## WHAT YOU NEED TO DO
Word for word, copy the entire listing below, but do not carry over any pictures.

[DATA BLOCK Boundary: Start]

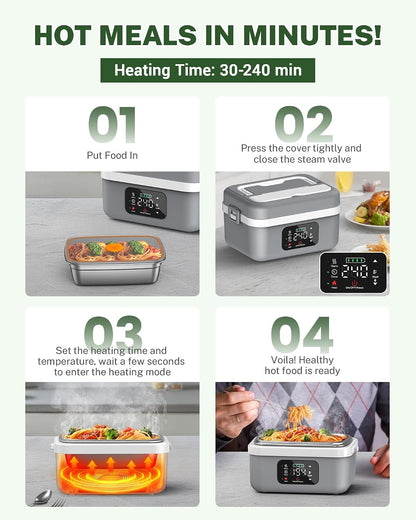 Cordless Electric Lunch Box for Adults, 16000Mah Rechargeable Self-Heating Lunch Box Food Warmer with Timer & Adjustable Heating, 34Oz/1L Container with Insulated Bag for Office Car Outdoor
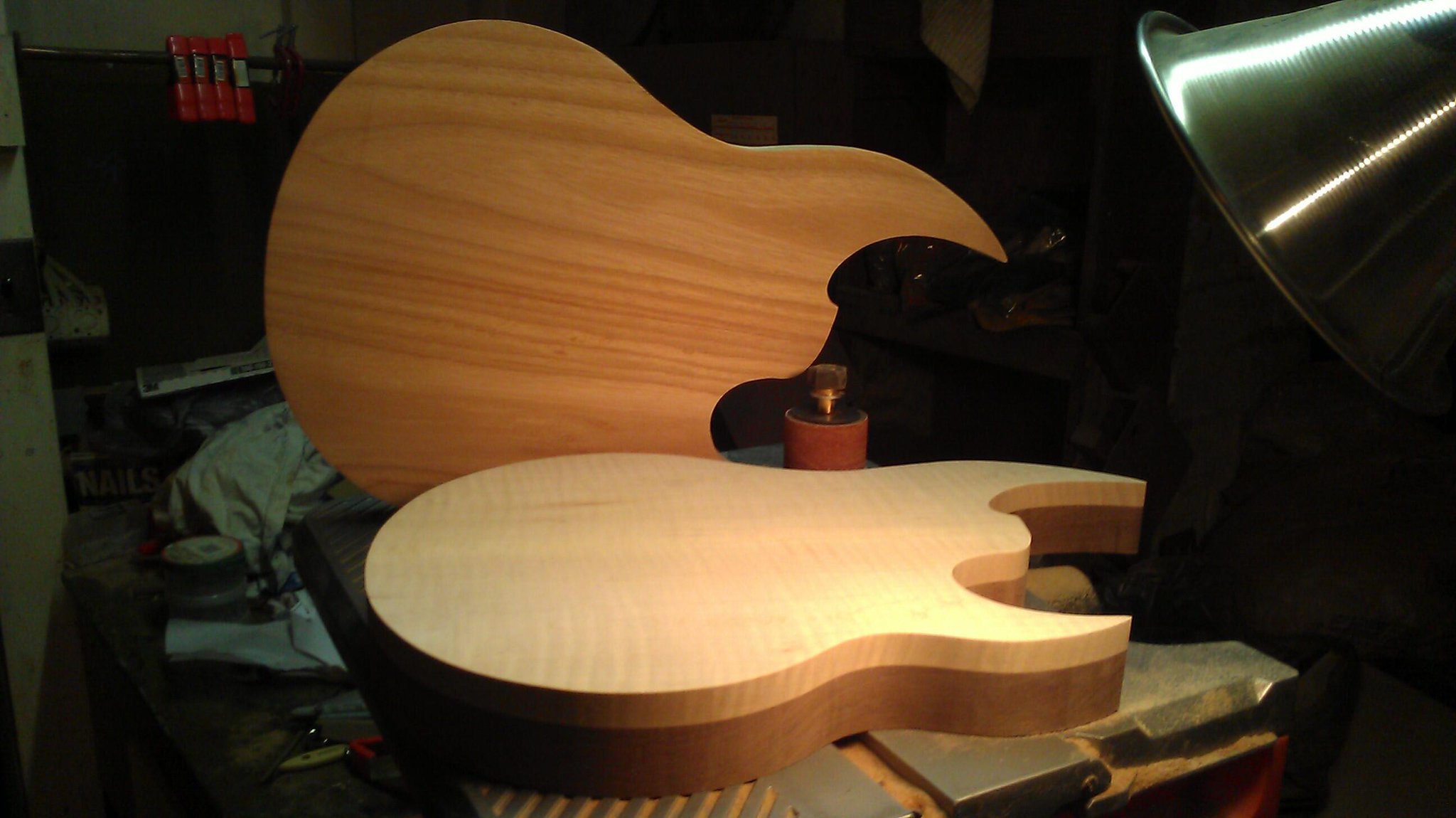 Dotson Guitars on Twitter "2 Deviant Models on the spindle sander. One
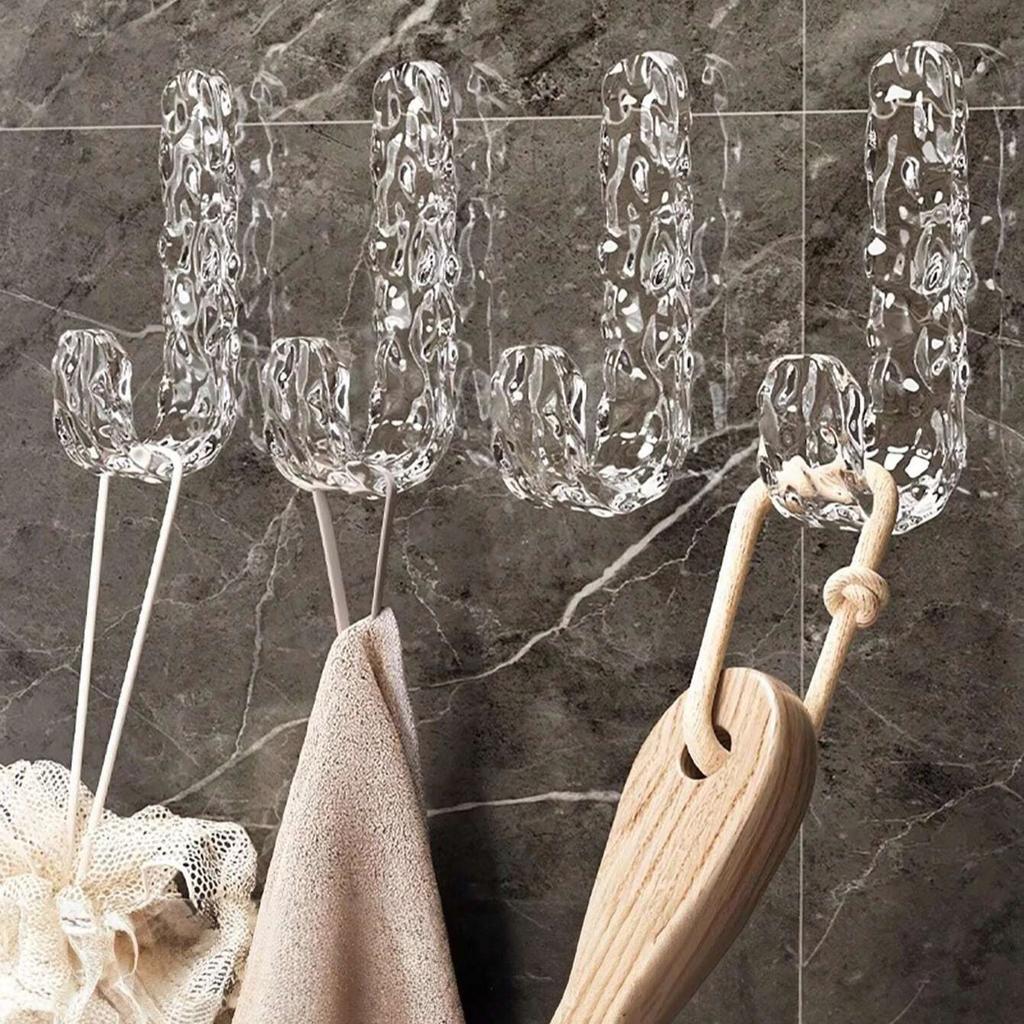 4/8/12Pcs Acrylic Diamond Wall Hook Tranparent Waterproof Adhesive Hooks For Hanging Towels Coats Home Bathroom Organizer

[DATA BLOCK Boundary: End]

## REPLY TO THE EXERCISE
 Cordless Electric Lunch Box for Adults, 16000Mah Rechargeable Self-Heating Lunch Box Food Warmer with Timer & Adjustable Heating, 34Oz/1L Container with Insulated Bag for Office Car Outdoor
 Dotson Guitars on Twitter "2 Deviant Models on the spindle sander. One
 4/8/12Pcs Acrylic Diamond Wall Hook Tranparent Waterproof Adhesive Hooks For Hanging Towels Coats Home Bathroom Organizer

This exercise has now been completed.